Welcome to the Stan forum.

One alternative way to include this noise is to multiply the prediction error with pencode. Then you still have a random influence on learning, but it will be smooth.

Thank you for the suggestion! I realize I left out one detail which is I only want to apply random noise to the beginning of the experiment i.e. it takes some attempts for a subject to make that first value update for each shape.

After the initial update for each shape, I was hoping to run q-learning as usual.

In that case you could just scale the noise by something like 1/trial_number.
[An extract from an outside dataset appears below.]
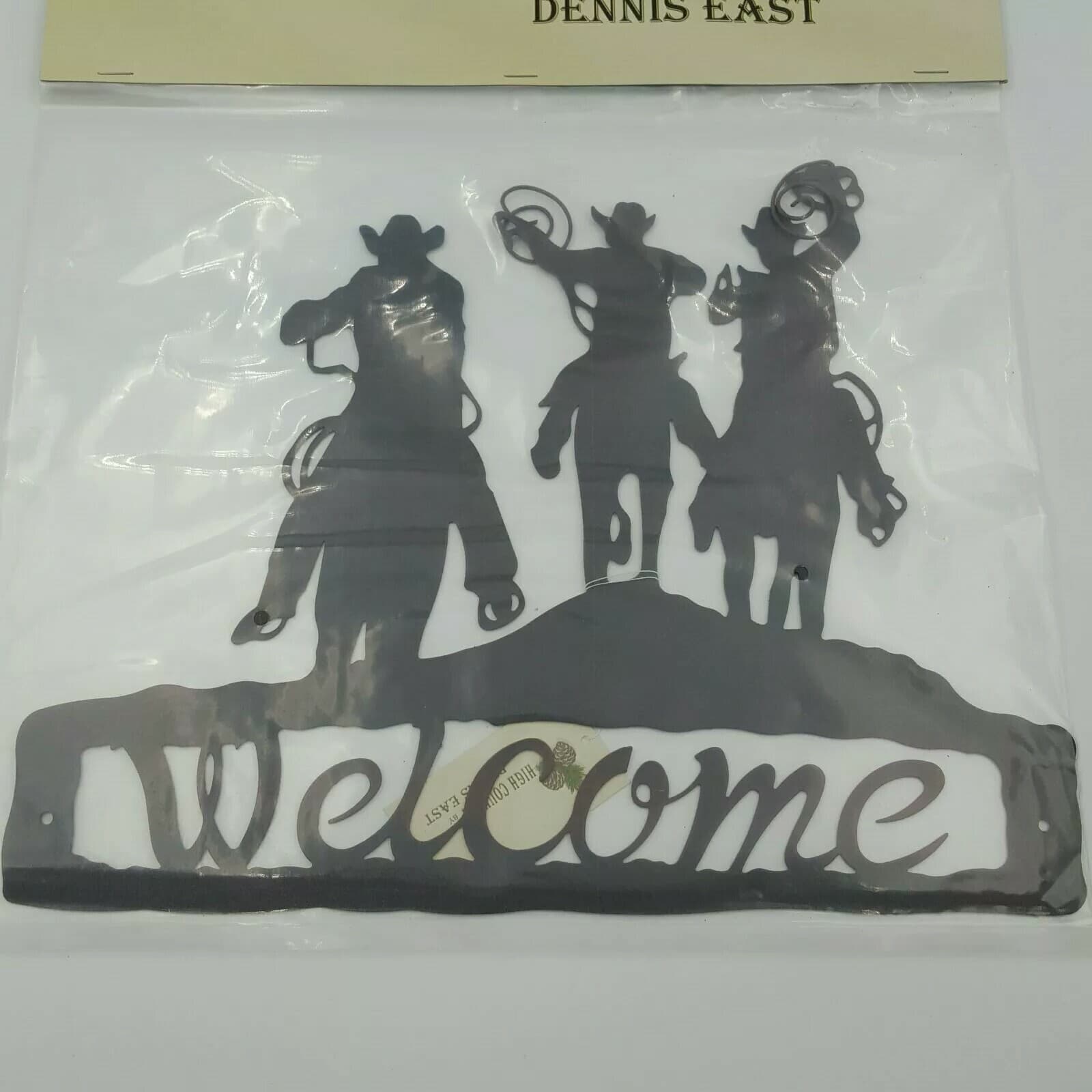Western Cowboy Horse Roping Welcome Sign High Country By Dennis East Metal Brown - Thumbnail 3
An alternative (I think better) way is to directly model the learning rate as a function of time and uncertainty of the learned qs. (An adaptive learner should value information when uncertainty is high, i.e. also at the start of the experiment. It’s not clear to me why people should wait with learning. What they should be doing is to wight exploration over exploitation at the start of the experiment, but this would me modeled by modeling the dependency of choices on learned values -temperature- as choice dependent.)

More generally: The tricky thing is to parameterize the model correctly and to choose sensible priors that result in learning processes that are reasonable. Hence I recommend doing prior predictive checks on the model.

Thank you for all the advice! Trying out different smoother functions resolved the convergence issues I was running into and I’ll think more about the alternatives you suggested.